One implication of structural-only policy is that, length 1 can only be identified if it is set to integer 1. Because 2 // 2 and 1 are structurally different.
As a future step, I can see the benefits of allowing more flexible shape constraints.
Alternative to "lazy equality", we could attach to each namespace a "knowledge base" of constrains. On node construction, the operator makes queries to see if its input constraints are satisfiable, and update the knowledge base accordingly. On execution, the loopy kernel wrapper can also make queries to see if the actual input shapes satisfy the constraints.

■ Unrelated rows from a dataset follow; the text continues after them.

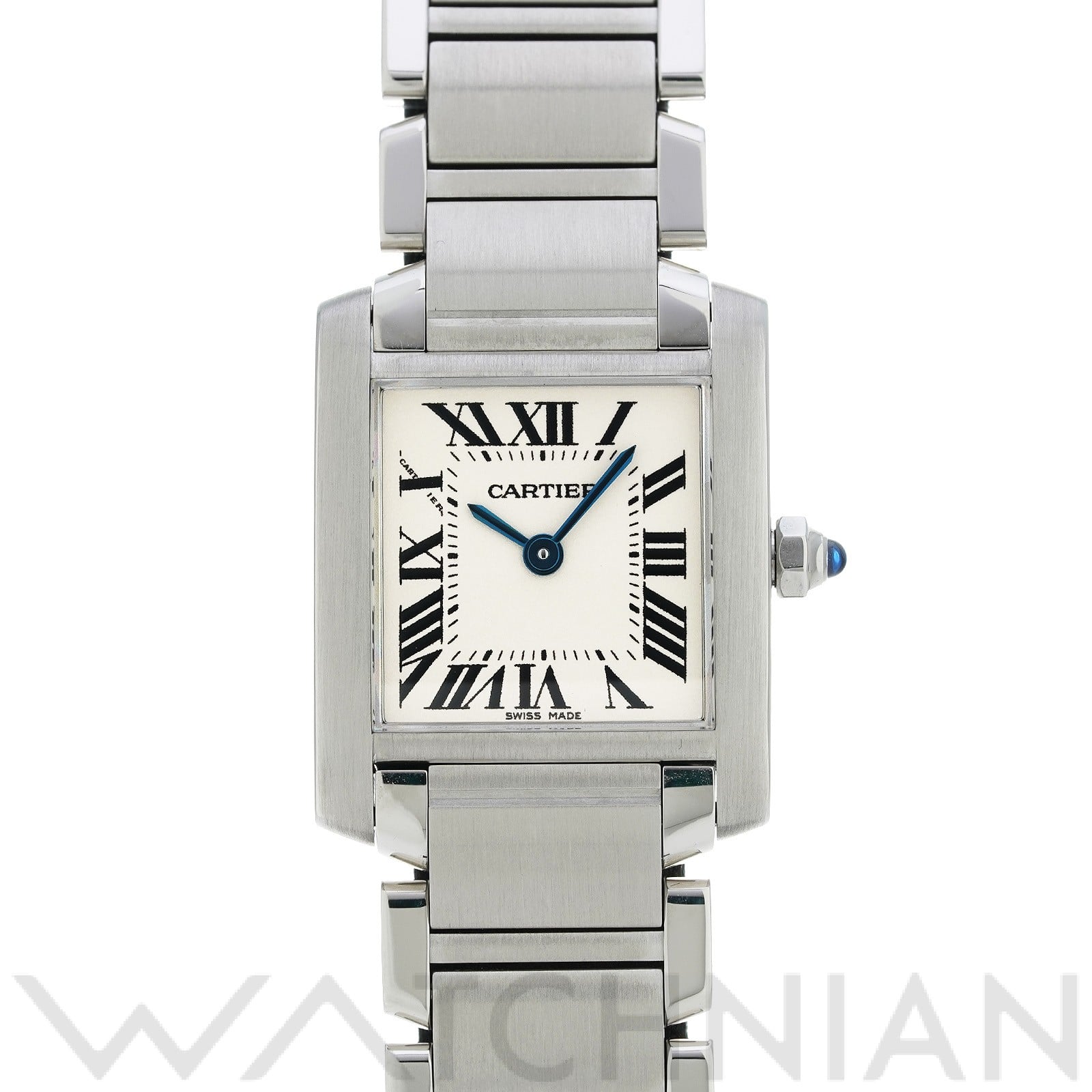 カルティエ / CARTIER タンクフランセーズ SM W51008Q3 シルバー レディース 時計 【中古】【wristwatch】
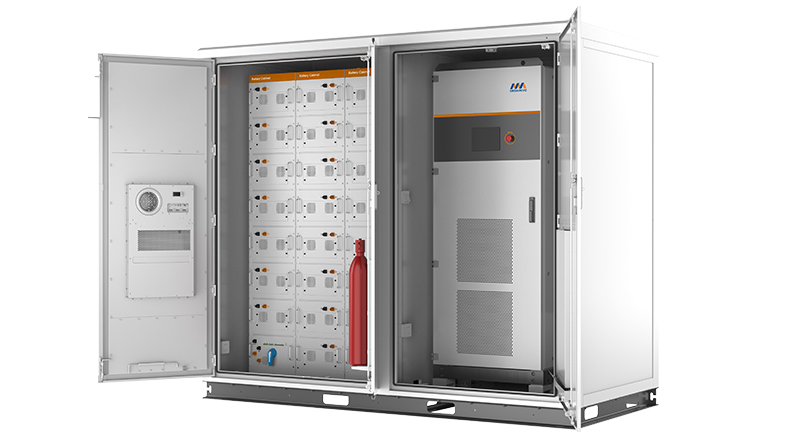 Sistema de almacenamiento de energía de tipo armario exterior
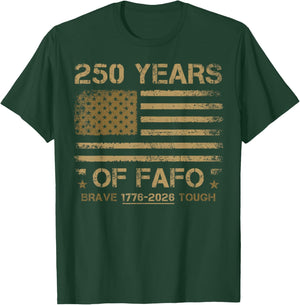 FAFO Flag Rugged T-Shirt - T-Shirt | Forest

I am proposing the knowledge base approach because there are existing predicate logic tools like Prolog that can be leveraged. Specifically, the CLP(FD) capability (short for "Constraint Logic Programming over Finite Domains") handles constraint propagation and unification, which are the most algorithmically-challenging parts to implement.
Here is a conceptual example of using Prolog to manage constraints carried out in swipl. For simplicity, I put all constraints inside one sentence. ?- is the command prompt, and the lines below it are command outputs. If a command outputs true. or a solution, we say that Prolog thinks that the constraints are satisfiable:
Import CLP(FD) module
?- use_module(library(clpfd)).true.
Say we start with an array of shape (m, n). (Prolog variable names start with _).
?- _m #>= 1, _n #>= 1._m in 1..sup,_n in 1..sup.
In Prolog, >= does structural comparison, and #>= does arithmetic comparison.
The array is reshaped into (k, k).
?-_m #>= 1, _n #>= 1, _m * _n #= _k * _k, _k #>= 1._m in 1..sup,_m*_n#=_22220,_n in 1..sup,_22220 in 1..sup,_k^2#=_22220,_k in 1..sup.
Unlike isl, CLP can take nonlinear expressions. Also, we cannot expect it to solve any nonlinear algebraic equation, so it may give "false negatives" like:
?- (_m + 1)^2 * (_m + 3)^2 #= 0, _m #> 0._m in 1..sup,_m+3#=_8420,_m+1#=_8444,_8420 in 4..sup,_8420^2#=_8492,_8492 in 16..sup,_8544*_8492#=0,_8544 in 4..sup,_8444^2#=_8544,_8444 in 2..sup.
At compile time, to generate code, we have to fix two of {m, n, k}.